In summary, accuracy is a function of both control and the scale of information. Larger samples, more events, and multiple independent studies generally support more precise and robust conclusions, as long as they do not share the same systematic bias. At the same time, a tightly controlled RCT conducted in a narrowly selected population, with constrained protocols and surrogate outcomes, may be internally valid yet poorly representative of real-world practice. In rehabilitation, human performance, and disability, external validity is often where RCTs fall short and observational or registry data excel, because practice-based cohorts and quasi-experimental designs capture the actual combinations of interventions, comorbidities, and environments that clinicians face daily. An “ideal” trial that answers a different question is not superior evidence.
Evaluating Systematic Review
Systematic reviews and meta-analyses require their own set of criteria. Once we accept that they are not inherently “higher-level” evidence, the relevant questions become: How complete was the search? How transparent and appropriate were the inclusion and exclusion criteria? Was the risk of bias assessed and incorporated into the synthesis? How was heterogeneity handled? Were small-study effects, publication bias, and selective reporting considered? For meta-analyses, model choice (e.g., fixed vs. random effects), assumptions about between-study variance, and the conduct of sensitivity analyses all influence the estimates. A meta-analysis that pools incompatible studies, ignores the high risk of bias, or omits critical sensitivity analyses may degrade the signal rather than clarify it. The label “systematic review” should prompt scrutiny of methods, not automatic promotion to the top of a pyramid.
The idea of living systematic reviews offers one practical way to improve synthesis. Rather than producing a single publication that captures only a portion of the research available at the time of publication, living reviews maintain a continuously updated overview of a topic that can be improved iteratively. When implemented well, they can reduce redundancy, prevent the proliferation of conflicting reviews on the same question, and provide a clearer link between new primary studies and evolving conclusions. In practice, a living systematic review could also enable continuous editing and improvement by the authors, crowdsourcing of recommendations, and potentially additional analyses by specialists interested in the same topic.

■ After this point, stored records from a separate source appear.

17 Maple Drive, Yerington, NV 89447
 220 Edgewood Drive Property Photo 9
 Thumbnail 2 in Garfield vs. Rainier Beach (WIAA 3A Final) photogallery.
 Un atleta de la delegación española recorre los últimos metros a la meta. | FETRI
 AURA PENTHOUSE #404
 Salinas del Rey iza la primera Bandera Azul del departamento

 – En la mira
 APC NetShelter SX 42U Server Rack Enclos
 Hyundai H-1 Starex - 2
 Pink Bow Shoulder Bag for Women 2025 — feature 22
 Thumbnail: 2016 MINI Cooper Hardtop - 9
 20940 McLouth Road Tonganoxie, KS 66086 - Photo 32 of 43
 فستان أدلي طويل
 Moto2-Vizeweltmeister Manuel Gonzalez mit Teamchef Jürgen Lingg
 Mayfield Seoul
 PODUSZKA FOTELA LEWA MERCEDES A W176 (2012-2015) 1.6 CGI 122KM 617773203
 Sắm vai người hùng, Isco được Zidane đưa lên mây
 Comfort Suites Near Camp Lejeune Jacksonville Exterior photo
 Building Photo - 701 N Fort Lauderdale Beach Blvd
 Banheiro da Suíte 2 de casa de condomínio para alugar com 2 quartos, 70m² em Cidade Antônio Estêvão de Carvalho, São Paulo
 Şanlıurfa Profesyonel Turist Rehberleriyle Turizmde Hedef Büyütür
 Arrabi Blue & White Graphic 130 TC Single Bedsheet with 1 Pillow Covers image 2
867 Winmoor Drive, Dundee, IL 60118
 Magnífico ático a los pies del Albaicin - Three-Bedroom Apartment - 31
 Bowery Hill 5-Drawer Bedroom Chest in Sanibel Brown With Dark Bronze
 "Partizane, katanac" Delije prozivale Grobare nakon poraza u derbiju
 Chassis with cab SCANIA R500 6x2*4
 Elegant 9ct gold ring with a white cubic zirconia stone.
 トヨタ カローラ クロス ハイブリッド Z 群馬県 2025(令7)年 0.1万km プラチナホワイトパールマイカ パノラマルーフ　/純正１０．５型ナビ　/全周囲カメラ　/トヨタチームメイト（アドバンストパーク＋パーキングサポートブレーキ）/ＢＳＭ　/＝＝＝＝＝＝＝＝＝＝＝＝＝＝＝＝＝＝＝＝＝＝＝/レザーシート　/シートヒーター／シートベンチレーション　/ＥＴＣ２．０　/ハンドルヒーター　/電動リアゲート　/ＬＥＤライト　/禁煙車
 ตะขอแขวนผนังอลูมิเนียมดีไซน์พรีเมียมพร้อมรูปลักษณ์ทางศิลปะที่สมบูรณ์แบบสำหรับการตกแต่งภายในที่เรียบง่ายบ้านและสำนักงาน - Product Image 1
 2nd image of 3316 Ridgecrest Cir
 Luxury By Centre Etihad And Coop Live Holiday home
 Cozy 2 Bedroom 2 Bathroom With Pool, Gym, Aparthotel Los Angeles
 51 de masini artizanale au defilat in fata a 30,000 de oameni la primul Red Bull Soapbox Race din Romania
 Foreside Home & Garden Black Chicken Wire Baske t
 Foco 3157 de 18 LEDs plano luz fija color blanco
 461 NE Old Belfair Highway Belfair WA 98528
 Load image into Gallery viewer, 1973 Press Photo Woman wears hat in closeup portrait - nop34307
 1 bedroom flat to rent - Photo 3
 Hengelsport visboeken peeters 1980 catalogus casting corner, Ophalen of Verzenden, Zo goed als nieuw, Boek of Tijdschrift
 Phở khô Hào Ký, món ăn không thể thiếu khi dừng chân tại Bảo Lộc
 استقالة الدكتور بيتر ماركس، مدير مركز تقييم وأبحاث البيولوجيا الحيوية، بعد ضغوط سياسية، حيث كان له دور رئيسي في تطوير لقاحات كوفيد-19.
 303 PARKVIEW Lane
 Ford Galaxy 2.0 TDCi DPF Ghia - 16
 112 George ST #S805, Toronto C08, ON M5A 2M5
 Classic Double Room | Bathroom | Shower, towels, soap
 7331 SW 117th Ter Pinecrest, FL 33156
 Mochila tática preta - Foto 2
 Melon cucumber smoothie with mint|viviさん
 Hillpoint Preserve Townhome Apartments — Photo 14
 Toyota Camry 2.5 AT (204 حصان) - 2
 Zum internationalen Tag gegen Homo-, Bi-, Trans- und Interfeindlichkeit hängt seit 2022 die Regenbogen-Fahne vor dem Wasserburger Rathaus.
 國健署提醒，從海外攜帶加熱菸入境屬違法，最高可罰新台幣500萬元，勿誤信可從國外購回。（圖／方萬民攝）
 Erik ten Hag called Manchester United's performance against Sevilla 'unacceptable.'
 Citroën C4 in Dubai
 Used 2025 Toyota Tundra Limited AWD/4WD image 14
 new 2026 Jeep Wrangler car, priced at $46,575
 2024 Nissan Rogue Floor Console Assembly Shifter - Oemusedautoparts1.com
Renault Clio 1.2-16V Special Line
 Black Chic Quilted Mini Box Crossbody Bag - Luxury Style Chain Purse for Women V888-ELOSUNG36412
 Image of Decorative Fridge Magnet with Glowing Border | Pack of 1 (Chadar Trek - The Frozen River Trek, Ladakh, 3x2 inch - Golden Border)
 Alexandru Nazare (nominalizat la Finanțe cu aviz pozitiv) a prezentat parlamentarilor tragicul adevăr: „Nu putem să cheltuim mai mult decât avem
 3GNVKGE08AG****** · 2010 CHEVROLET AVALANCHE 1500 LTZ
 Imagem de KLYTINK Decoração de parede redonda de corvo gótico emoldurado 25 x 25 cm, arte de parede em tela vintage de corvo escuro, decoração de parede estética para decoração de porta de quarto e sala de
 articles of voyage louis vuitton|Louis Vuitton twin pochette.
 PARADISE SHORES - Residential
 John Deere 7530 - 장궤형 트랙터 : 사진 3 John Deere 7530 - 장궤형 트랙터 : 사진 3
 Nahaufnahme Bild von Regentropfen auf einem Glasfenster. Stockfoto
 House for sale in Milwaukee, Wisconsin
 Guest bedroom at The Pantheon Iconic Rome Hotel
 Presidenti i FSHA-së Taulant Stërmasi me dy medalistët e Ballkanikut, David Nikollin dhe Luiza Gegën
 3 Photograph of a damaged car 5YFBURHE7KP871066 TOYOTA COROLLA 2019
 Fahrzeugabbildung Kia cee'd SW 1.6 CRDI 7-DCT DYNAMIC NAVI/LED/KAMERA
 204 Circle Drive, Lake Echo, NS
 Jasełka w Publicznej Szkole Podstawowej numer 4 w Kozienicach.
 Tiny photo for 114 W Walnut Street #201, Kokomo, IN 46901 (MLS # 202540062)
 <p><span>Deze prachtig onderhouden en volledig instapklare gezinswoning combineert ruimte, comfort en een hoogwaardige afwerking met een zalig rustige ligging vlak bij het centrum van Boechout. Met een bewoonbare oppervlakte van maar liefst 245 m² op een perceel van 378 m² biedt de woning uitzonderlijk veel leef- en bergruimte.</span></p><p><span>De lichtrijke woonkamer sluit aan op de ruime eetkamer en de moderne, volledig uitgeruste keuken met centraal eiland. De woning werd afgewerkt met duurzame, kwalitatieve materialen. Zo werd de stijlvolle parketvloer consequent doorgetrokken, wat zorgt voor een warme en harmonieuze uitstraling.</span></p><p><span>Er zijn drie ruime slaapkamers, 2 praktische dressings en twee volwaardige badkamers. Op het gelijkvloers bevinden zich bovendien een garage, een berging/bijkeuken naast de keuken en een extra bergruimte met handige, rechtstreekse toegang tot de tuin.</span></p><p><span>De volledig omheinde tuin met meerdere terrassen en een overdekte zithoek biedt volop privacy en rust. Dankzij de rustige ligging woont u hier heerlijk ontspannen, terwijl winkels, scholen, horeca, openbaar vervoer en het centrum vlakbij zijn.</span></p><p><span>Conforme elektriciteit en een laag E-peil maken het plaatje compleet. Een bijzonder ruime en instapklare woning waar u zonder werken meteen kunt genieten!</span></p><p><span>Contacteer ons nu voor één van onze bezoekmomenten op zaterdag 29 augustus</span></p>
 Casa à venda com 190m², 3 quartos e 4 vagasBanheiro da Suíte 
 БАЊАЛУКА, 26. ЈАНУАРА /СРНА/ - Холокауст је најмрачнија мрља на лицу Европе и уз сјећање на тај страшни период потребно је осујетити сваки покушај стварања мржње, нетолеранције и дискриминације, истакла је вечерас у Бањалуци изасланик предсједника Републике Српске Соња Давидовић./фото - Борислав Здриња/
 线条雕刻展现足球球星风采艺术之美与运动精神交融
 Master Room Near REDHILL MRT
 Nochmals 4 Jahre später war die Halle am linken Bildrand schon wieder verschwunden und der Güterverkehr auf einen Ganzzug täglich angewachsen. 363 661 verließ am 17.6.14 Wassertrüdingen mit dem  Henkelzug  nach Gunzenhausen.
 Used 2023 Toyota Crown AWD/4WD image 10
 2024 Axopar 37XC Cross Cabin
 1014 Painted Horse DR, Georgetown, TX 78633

Even so, living reviews remain tools. Their value depends on how comprehensively they search, how they sort and appraise studies across designs, and how honestly they represent uncertainty. They do not replace the need to understand the underlying data; they provide an organized interface for it.
Final Thoughts: Comparative Research
Finally, when the purpose of using research is to guide practical decisions, such as selecting among interventions in a constrained session or program, the most valuable evidence is comparative. Head-to-head trials and comparative observational studies that pit one plausible intervention against another yield relatively direct implications for the relative efficacy of interventions. They inform questions such as “Which of these options, for this population, is more likely to produce better outcomes per unit of time, cost, or burden?” in a way that single-arm trials and mechanism studies cannot. In this decision-theoretic context, a well-conducted comparative cohort study can be more informative for practice than a series of placebo-controlled RCTs that never directly compare the two (or more) interventions most likely to result in the best outcomes. Any implied hierarchy of evidence for users of research seeking to optimize recommendations for clients and patients should emphasize the importance of comparative research in refining practice.